A slight raise of the eyebrow, folded arms, an inviting smile – face-to-face conversations are a lot more than a simple exchange of words. When people talk, the majority of what is being communicated isn’t in the words we use, but rather in non-verbal cues like body language, gestures, and tone of voice that help us clarify the intention of the speaker and give us a bit more context into the conversation. But historically, our communication technology has been mostly text-based. And when typing a message, there is a lot more room for ambiguity and misunderstanding, even when the interlocutors know each other well. Enter the emoji.
In the 1990s, Shigetaka Kurita, a designer at Japan’s main mobile carrier, NTT DoCoMo, created a simple heart-shaped pictogram for the company’s pager. It was such a popular feature that it soon expanded to a set of 176 emoji, and other mobile devices started adding their own emoji characters, too. Emoji usage exploded, and companies like Apple and Google quickly jumped on the bandwagon, proposing that the Unicode Consortium encode emoji into their Unicode Standard documentation.

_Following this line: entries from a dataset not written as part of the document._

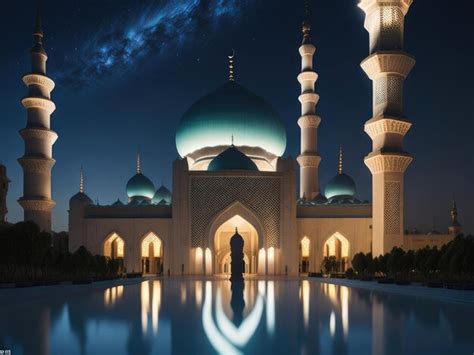 Premium Ai Image The Beautiful Serene Mosque At Night In The Blessed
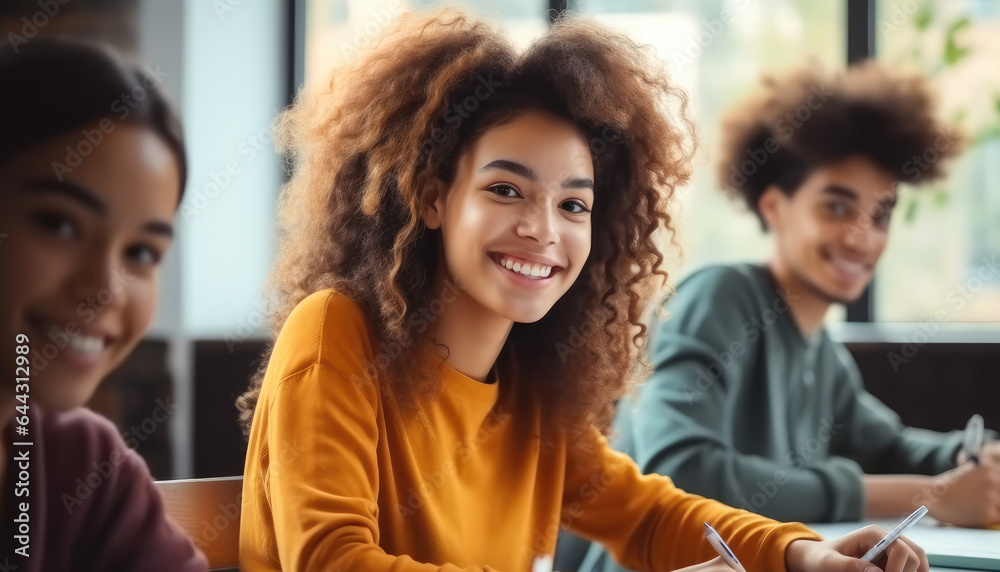 Happy black female student studying in classroom at university, Group mates sitting nearby. Happy black female student studying in classroom at university, Group mates sitting nearby.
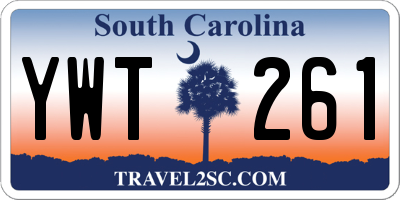 SC license plate YWT261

And if, in the beginning, businesses were quick to dismiss emojis as a silly addition to people’s personal conversations, today, as digital embodiments of our non-verbal language, they’re every bit as important in business communications. We use them to add richness to online conversations, emphasize a point, and even create a sense of rapport with customers. Emojis are wonderfully simple, surprisingly rich, and contrary to what some believed when they first emerged – they’re here to stay.

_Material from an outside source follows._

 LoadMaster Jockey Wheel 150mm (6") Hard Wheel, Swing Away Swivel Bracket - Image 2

This week on Inside Intercom, you’ll hear from:
- Keith Broni, Editor in Chief at Emojipedia
- Leslie O’Flahavan, writing trainer and coach and E-WRITE founder.

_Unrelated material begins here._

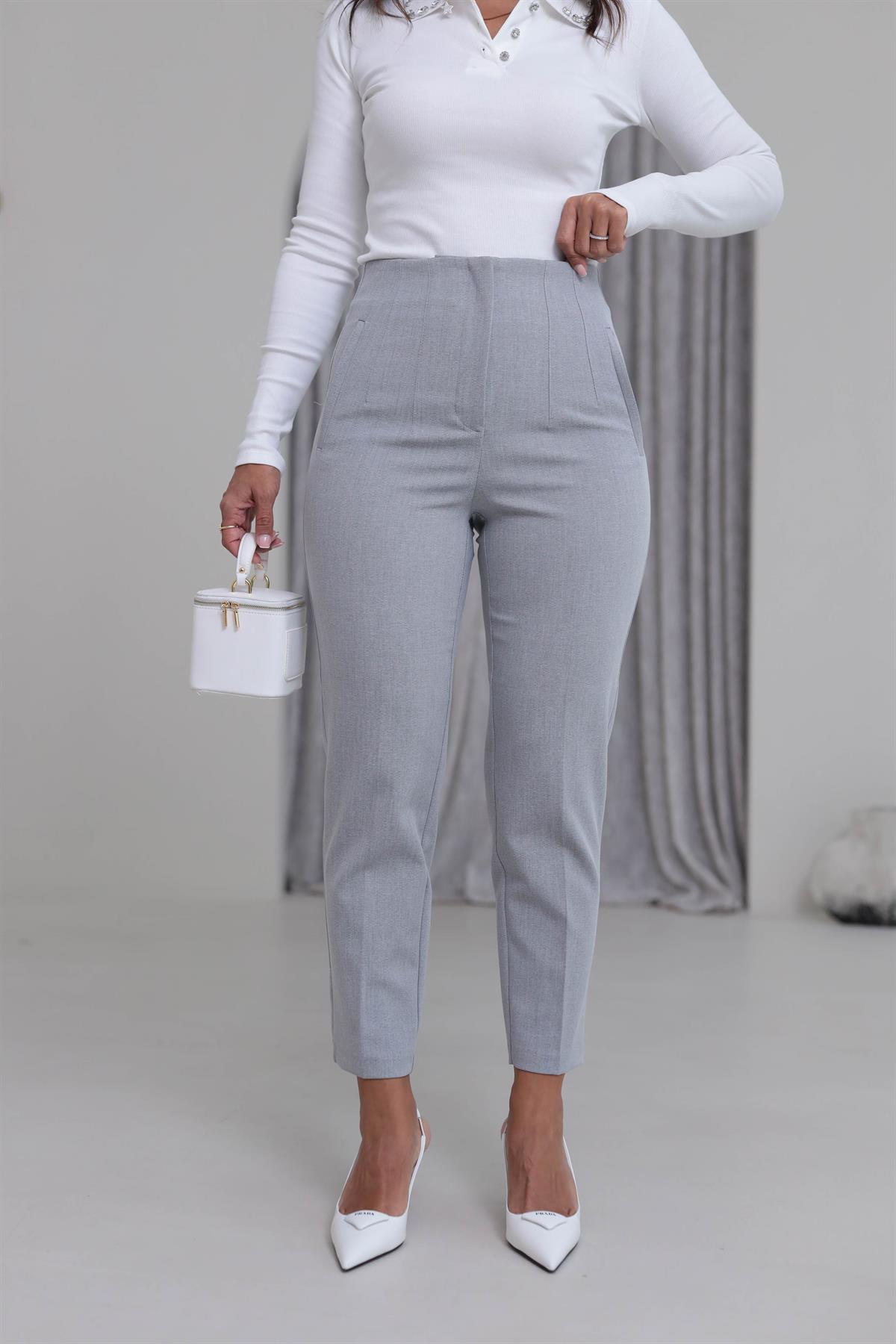U5113-K Önü Flotalı Kumaş Pantolon AÇIK GRİ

- Tomoko Yokoi, researcher and advisor in digital transformations at the IMD Business School in Switzerland
- Karen Church, Intercom VP of Research & Data Science
Together, they’ll talk about the evolution of emojis, recent trends in business messaging, and how organizations can use emojis to build better relationships with their customers.
If you’re short on time, here are a few quick takeaways:
- Emojis help us express ourselves. They clarify intent, help elicit voice and tone, convey a bit of our personality, and add richness to online conversations.
- When we compared rates of business messages with and without emoji, we found that those with an emoji were four times more likely to elicit responses from customers.
- In business communication, always make sure the emoji is just there for embellishment, not for carrying actual content or replacing words.
- As we move into more hybrid workplaces, emojis act as digital, non-verbal cues that help guide us in our day-to-day, assess morale and even reinforce company culture.
You can read our data report on emoji trends abstracted from more than two million anonymized conversations between our customers and their customers here.
If you enjoy our discussion, check out more episodes of our podcast. You can follow on iTunes, Spotify or grab the RSS feed in your player of choice. What follows is a lightly edited transcript of the episode.
A new staple of communication
Liam Geraghty: Hello and welcome to Inside Intercom. I’m Liam Geraghty. Today, as you might have guessed, we are talking about emojis, those cute little pictograms that have become an essential part of the way we communicate. Already today I have been sent a smiling face with smiling eyes, a thinking face, a thumbs up, and even a party popper. They’re just part of the way we message, not just in our personal lives, but also in business, with coworkers, employees, and customers. So today we’re looking at emoji’s use in business messaging. Later, we’ll hear from writing coach Leslie O’Flahavan on how best to use emojis when speaking to customers.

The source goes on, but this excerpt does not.